List Comprehension in Swift

  • I really dislike the proposed way to do this. If this is "Swifty", give me something else.

    The Haskell list comprehension made sense to me the first time I saw it, but there is no way I'd know what the mess in the article was doing until someone explained to me.

    Design has to come first. You can't just go with what's "Swifty" if that doesn't convey what's happening in a reasonable fashion.

  • List comprehension is a bad idea, IMO. They were an improvement over not having anything like it, but python has improved over it (https://wiki.python.org/moin/Generators)

    ⇒ Generator expressions are the way to go. They would give you the sequence of elements without generating the (potentially enormous) data structure.

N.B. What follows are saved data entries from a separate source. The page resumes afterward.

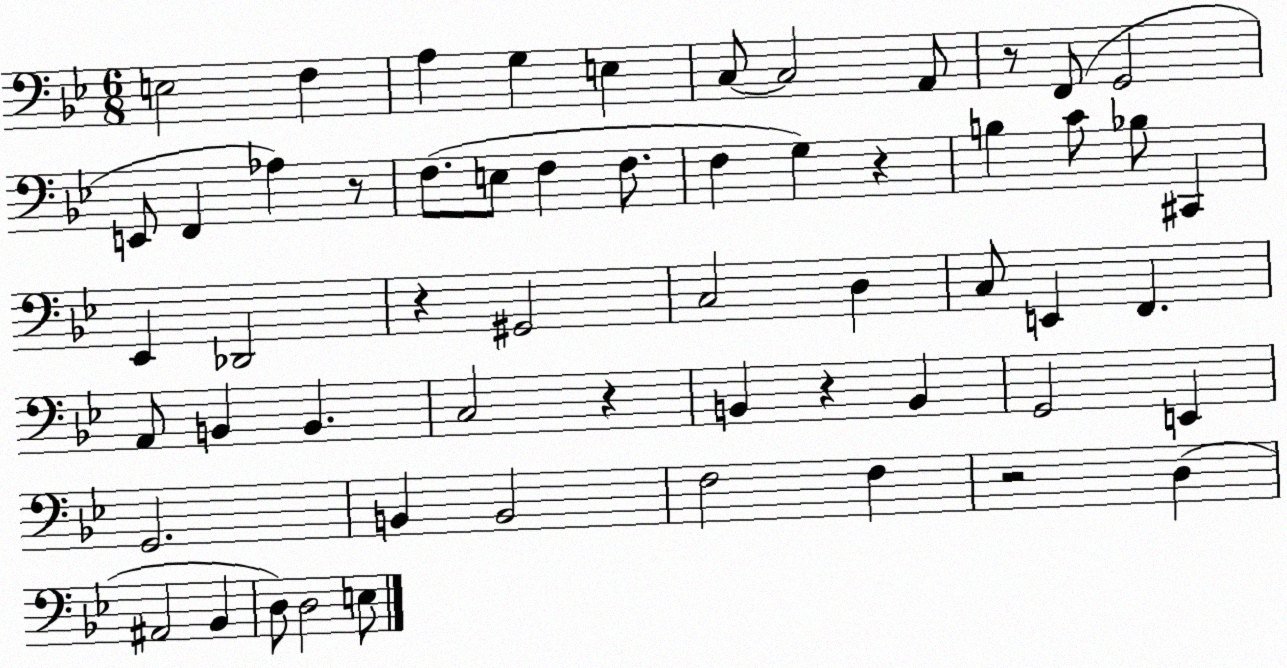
X:1
T:Untitled
M:6/8
L:1/4
K:Bb
E,2 F, A, G, E, C,/2 C,2 A,,/2 z/2 F,,/2 G,,2 E,,/2 F,, _A, z/2 F,/2 E,/2 F, F,/2 F, G, z B, C/2 _B,/2 ^C,, _E,, _D,,2 z ^G,,2 C,2 D, C,/2 E,, F,, A,,/2 B,, B,, C,2 z B,, z B,, G,,2 E,, G,,2 B,, B,,2 F,2 F, z2 D, ^A,,2 _B,, D,/2 D,2 E,/2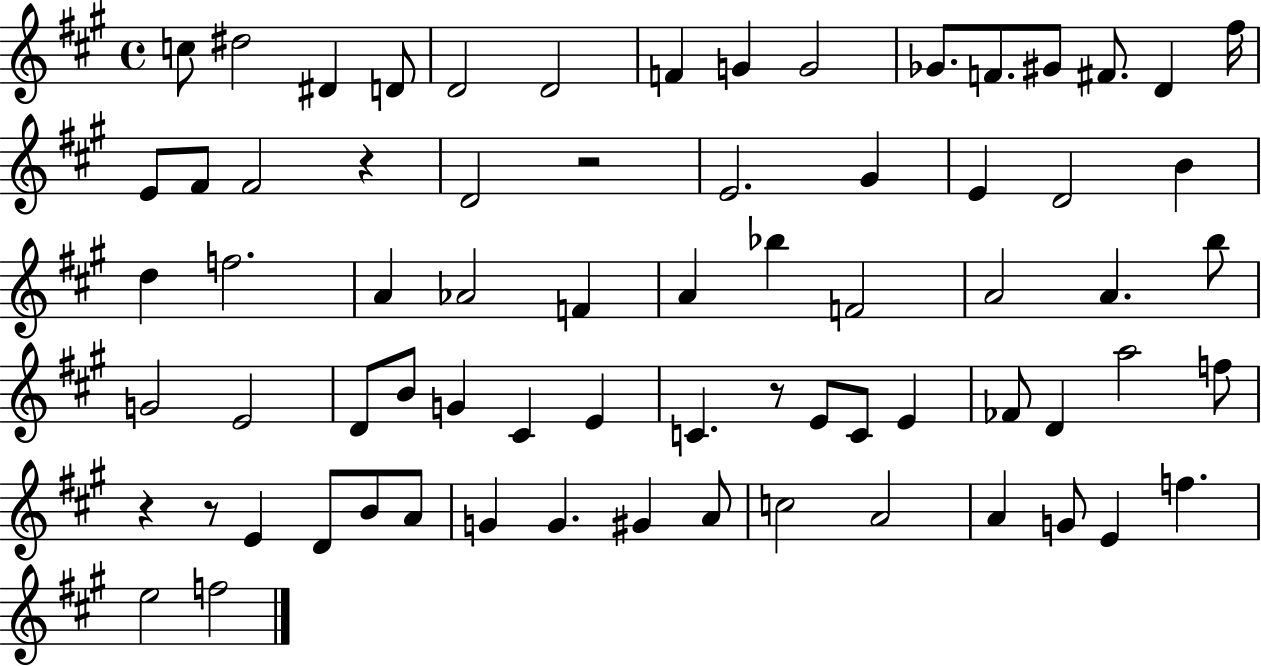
C5/e D#5/h D#4/q D4/e D4/h D4/h F4/q G4/q G4/h Gb4/e. F4/e. G#4/e F#4/e. D4/q F#5/s E4/e F#4/e F#4/h R/q D4/h R/h E4/h. G#4/q E4/q D4/h B4/q D5/q F5/h. A4/q Ab4/h F4/q A4/q Bb5/q F4/h A4/h A4/q. B5/e G4/h E4/h D4/e B4/e G4/q C#4/q E4/q C4/q. R/e E4/e C4/e E4/q FES4/e D4/q A5/h F5/e R/q R/e E4/q D4/e B4/e A4/e G4/q G4/q. G#4/q A4/e C5/h A4/h A4/q G4/e E4/q F5/q. E5/h F5/h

    From there, methods to reify the items in a sequence would give you your list, array, or dictionary, where needed.

    So, for Swift, I wouldn’t use

        Array(1..<5, 3..<5) { ($0, $1) }
    
    but the slightly longer

        Array(for i in 1..<5, j in 3..<5 yield (i,j))
    
    I’m not sure that is easy to fit in the existing parser, though. If it can be fit in, I would allow that code in ‘normal’ nested for loops, too.

  • > (Can’t wait until we can have variadic generic parameters!)

    This.

  • Can someone explain the n modulo operation to me?

  • > List comprehension should be no stranger to a Python or (and?) Haskell user. It’s a really compact syntax that deals with Cartesian product [emphasis mine] of lists.

    Ugh, no. I fail to see where the Cartesian product is in::

        [(x,y,z) | x <- [1..5], y <- [x..10], z <- [x..y]]
    
    ---

    @dennisvennink

    What you feel doesn't matter. It's not a zip.